I move closer, look down. Her face is tired and strained, her mouth is wide open. She is still pretty, even now. It is like being friends with the sun. She burns my skin, changes everything, reaches everywhere. I notice a small strand of dark hair in the corner of her mouth, trembling with her breath.
I reach for it, twist it between my fingers. In this moment I don’t care about Jake, or anyone. I pull.
I start carefully, there is not much resistance. Her wrist twitches and so I go faster. The strand is long and strong, another one appears twisted into it. It grows thicker, and I pull with two hands. Her toes curl underneath the covers.
It starts to feel tighter, as though caught on something, I pull harder. I imagine the hairball unraveling like a ball of yarn. The strands are held together with blood and a clear liquid that is thick and sticky, coating my hands with a glossy residue. Her eyes squint open.
The hair feels stuck, so I reorient myself, with my knees on the bed along the sides of her waist I continue tugging. She is awake now and screaming, but the hair muffles the noise. Next to her head, the knotted rope is gathering, finally outside of her body. I am healing her.
Her body shakes and convulses, her eyes appear as though jumping out of her head.
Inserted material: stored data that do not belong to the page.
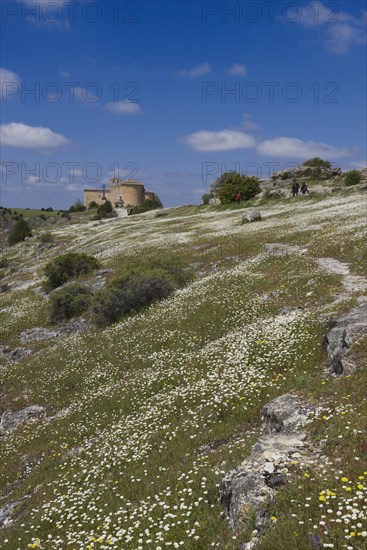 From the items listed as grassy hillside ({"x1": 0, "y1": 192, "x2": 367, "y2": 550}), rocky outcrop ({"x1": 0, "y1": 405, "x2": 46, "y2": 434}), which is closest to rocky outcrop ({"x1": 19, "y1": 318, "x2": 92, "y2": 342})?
grassy hillside ({"x1": 0, "y1": 192, "x2": 367, "y2": 550})

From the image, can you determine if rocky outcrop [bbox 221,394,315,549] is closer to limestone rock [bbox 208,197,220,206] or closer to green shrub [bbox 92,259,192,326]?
green shrub [bbox 92,259,192,326]

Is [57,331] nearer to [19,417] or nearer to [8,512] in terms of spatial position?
[19,417]

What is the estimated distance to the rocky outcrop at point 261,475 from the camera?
9.10 meters

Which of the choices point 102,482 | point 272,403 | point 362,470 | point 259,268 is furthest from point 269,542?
point 259,268

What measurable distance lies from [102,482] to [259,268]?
23046mm

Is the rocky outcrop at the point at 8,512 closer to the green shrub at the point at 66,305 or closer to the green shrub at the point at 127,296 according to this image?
the green shrub at the point at 127,296

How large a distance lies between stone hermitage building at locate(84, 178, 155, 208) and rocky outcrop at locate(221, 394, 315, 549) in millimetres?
166918

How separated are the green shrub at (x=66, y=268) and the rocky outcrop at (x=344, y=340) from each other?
34.3 meters

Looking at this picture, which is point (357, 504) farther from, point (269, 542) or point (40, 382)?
point (40, 382)

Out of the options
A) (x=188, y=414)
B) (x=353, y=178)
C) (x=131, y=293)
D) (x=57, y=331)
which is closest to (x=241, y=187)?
(x=353, y=178)

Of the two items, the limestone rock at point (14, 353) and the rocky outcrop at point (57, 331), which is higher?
the rocky outcrop at point (57, 331)

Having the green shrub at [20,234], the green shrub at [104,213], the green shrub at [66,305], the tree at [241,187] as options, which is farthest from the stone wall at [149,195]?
the green shrub at [66,305]

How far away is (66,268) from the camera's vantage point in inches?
1861

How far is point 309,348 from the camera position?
710 inches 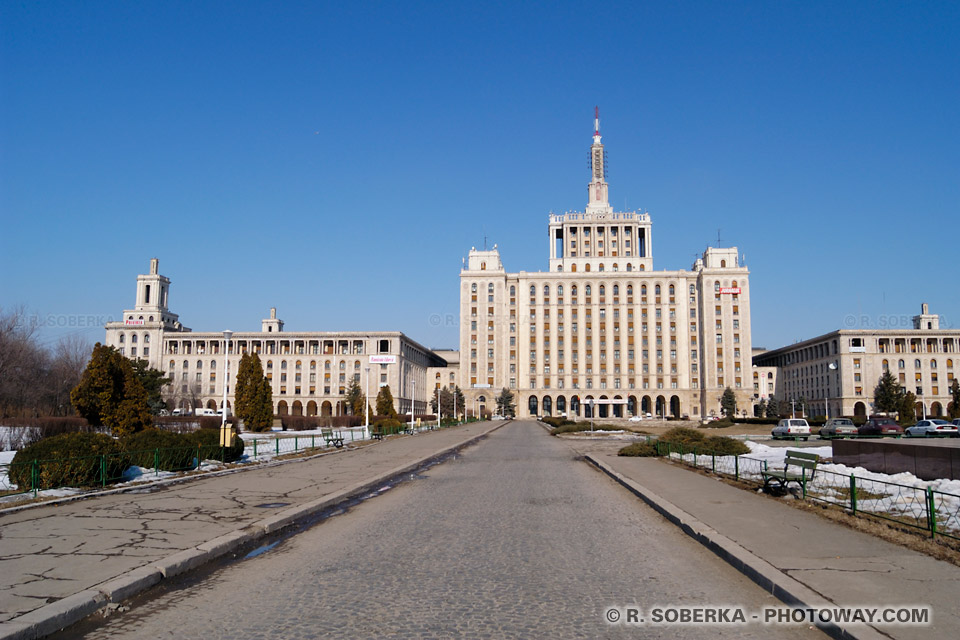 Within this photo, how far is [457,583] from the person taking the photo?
723cm

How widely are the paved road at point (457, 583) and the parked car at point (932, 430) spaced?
4046 centimetres

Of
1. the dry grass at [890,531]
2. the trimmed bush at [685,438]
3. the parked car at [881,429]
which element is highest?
the trimmed bush at [685,438]

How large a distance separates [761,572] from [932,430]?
45260 mm

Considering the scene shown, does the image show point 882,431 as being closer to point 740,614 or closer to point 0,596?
point 740,614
She squeezes my arms, my waist, my neck. I swat away easily.
My arms are tired. I imagine the walks we will take around the cul-de-sac, I think of going to school. I tug harder and her head jerks up in response. Her eyes are wide. They look past me.
The strand is taught, and it will not move any longer. Her stomach has deflated, and her body lies still and removed. My hands are tangled in the hair, my body surrounded. It itches and tightens around my legs.